Bloating & Digestion

What Is Leaky Gut?

What is Leaky Gut?

If your practitioner has indicated you may have leaky gut syndrome, you likely have questions about what that means, what causes it, and how to address it.

Leaky gut is when holes, cracks, and tears appear in the gut lining. This can happen if your diet has too much fat in it or if you have underlying inflammation, which leads to increased permeability (i.e., “leaks”) in the cell lining/barrier of the digestive tract.1

Gut impermeability is simply referred to as “leaky gut,” which compromises absorption of nutrients and normal digestive function and can lead to digestive irregularity, gas, and bloating. These can all be signs of underlying inflammation due to poor-quality dietary practices, lack of diversity of the gut microflora, or even overgrowth of certain microflora or probiotics in the digestive tract.

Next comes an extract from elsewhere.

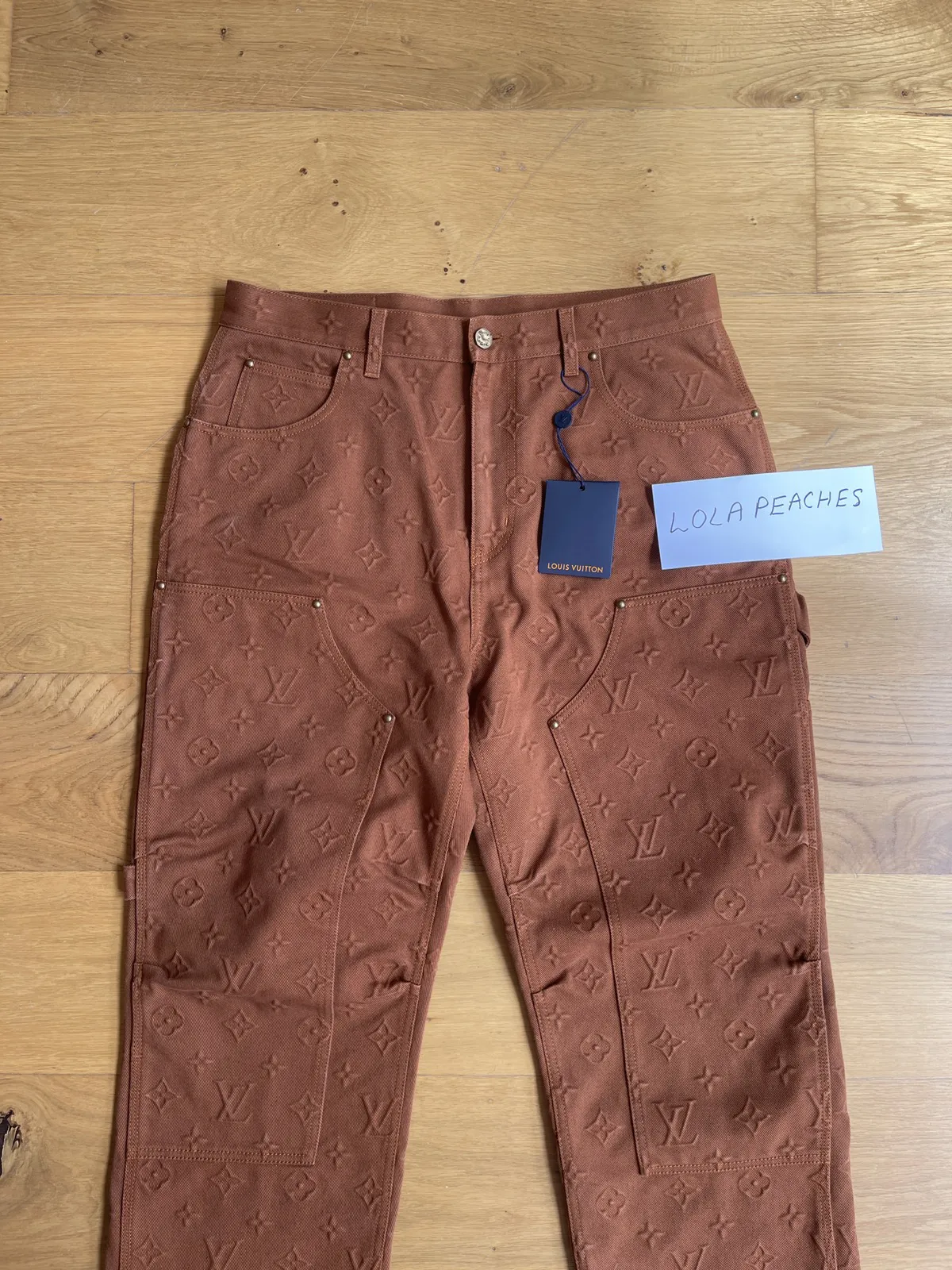 LV Monogram Carpenter Workwear Denim Pants FW21 Runway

What Are the Symptoms of Leaky Gut?

Some of the most common symptoms of leaky gut are:

  • Gas
  • Bloating
  • Digestive irregularities and discomfort
  • Diarrhea
  • Constipation

These early signs of leaky gut could also be signs of development of IBS and IBD.

It’s natural for people to experience these conditions from time to time. However, if you’ve been experiencing them for a long time, it may be best to seek a medical professional, who will perform further tests to determine whether you have leaky gut or another underlying condition causing leaky gut syndrome.

Who Is Most at Risk?

Anyone with a compromised immune system can develop leaky gut syndrome. However, several medical conditions can lead to leaky gut and a damaged intestinal wall lining.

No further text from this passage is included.